Three years ago the company was considered a parasite and a scourge.
Today it's a rising star -- selling virtually the same product. How a
pop-up pariah won the adware wars.
By Annalee Newitz
Back in 2002, Gator was one of the most reviled companies on the Net.
Maker of a free app called eWallet, the firm was under fire for
distributing what critics called spyware, code that covertly monitors
a user's Web-surfing habits and uploads the data to a remote server.
People who downloaded Gator eWallet soon found their screens inundated
with pop-up ads ostensibly of interest to them because of Web sites
they had visited. Removing eWallet didn't stop the torrent of
pop-ups. Mounting complaints attracted the attention of the Federal
Trade Commission. Online publishers sued the company for obscuring
their Web sites with pop-ups. In a June 2002 legal brief filed with
the lawsuit, attorneys for The Washington Post referred to Gator as a
"parasite." ZDNet called it a "scourge."
Today Gator, now called Claria, is a rising star. The lawsuits have
been settled -- with negligible impact on the company's business --
and Claria serves ads for names like JPMorgan Chase, Sony, and Yahoo!
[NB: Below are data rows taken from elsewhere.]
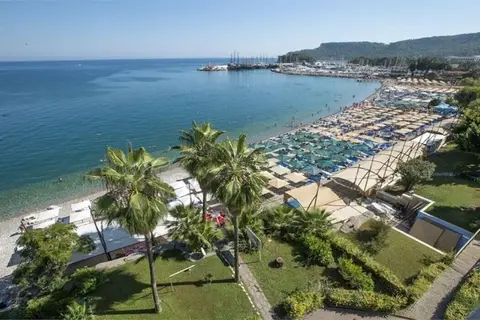 Viking Beach Hotel & Spa in Kemer — foto 29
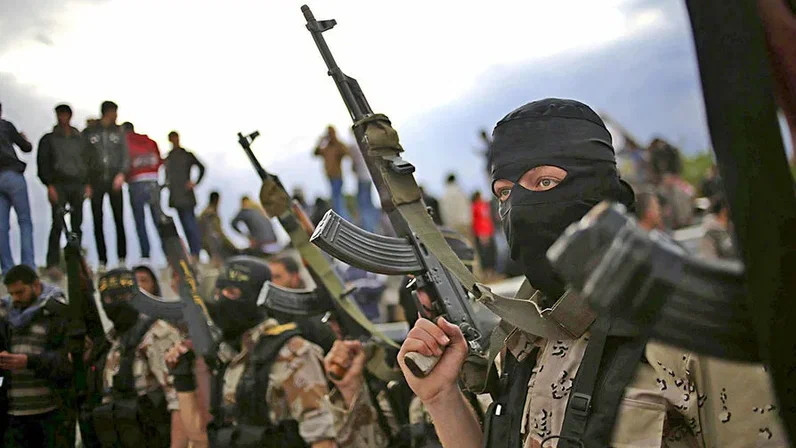 Участник спецоперации заявил о прибытии в украинские войска исламистов с боевым опытом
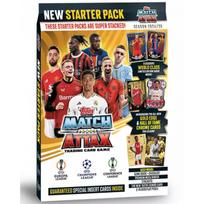 toppio - TOPPS UEFA Champions League 2025 kolekcinės kortelės - Starter Pack, įvairių spalvų - 2 nuotrauka
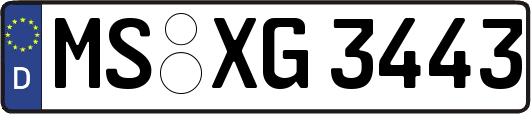 MS-XG3443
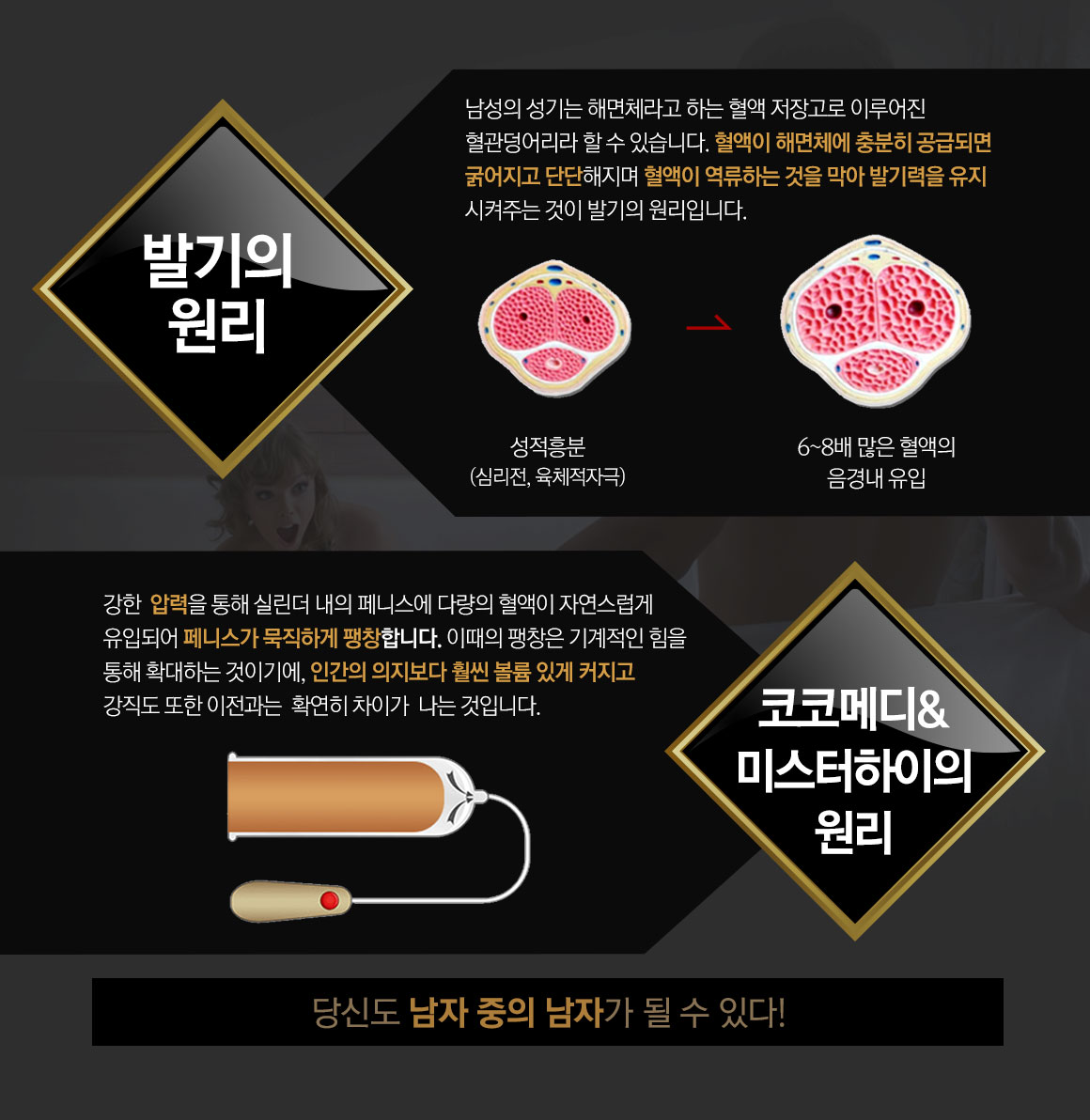시들어만 가는 남자들의 속사정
The Wall Street Journal praises the company for "making strides in
revamping itself." Earlier this year, The New York Times reported that
Microsoft came close to acquiring Claria. Google acknowledges Claria's
technology in recent patent applications. Best of all, government
agencies and watchdog groups have given their blessing to the
company's latest product: software that watches everything users do
online and transmits their surfing histories to Claria, which uses the
data to determine which ads to show them.
Apart from plush new offices at the northern edge of Silicon Valley,
it's remarkable how little the latter-day Claria differs from the old
Gator. It's true that the company has toned down its most aggressive
tactics. Journalists, watchdogs, and regulators seem mollified. For
the most part, though, the company is in the same business as before,
courting the same customers and selling a product that does the same
thing in the same ways. Claria wears in a sharp suit and has a
scrubbed face and coiffed hair -- but it still looks a lot like Gator.
CEO Scott VanDeVelde doesn't deny this. "I don't feel like there's a
need to wipe the slate clean," he says. "Our technologies are dead
center of where the market is going."
The spyware wars are over -- and spyware has won.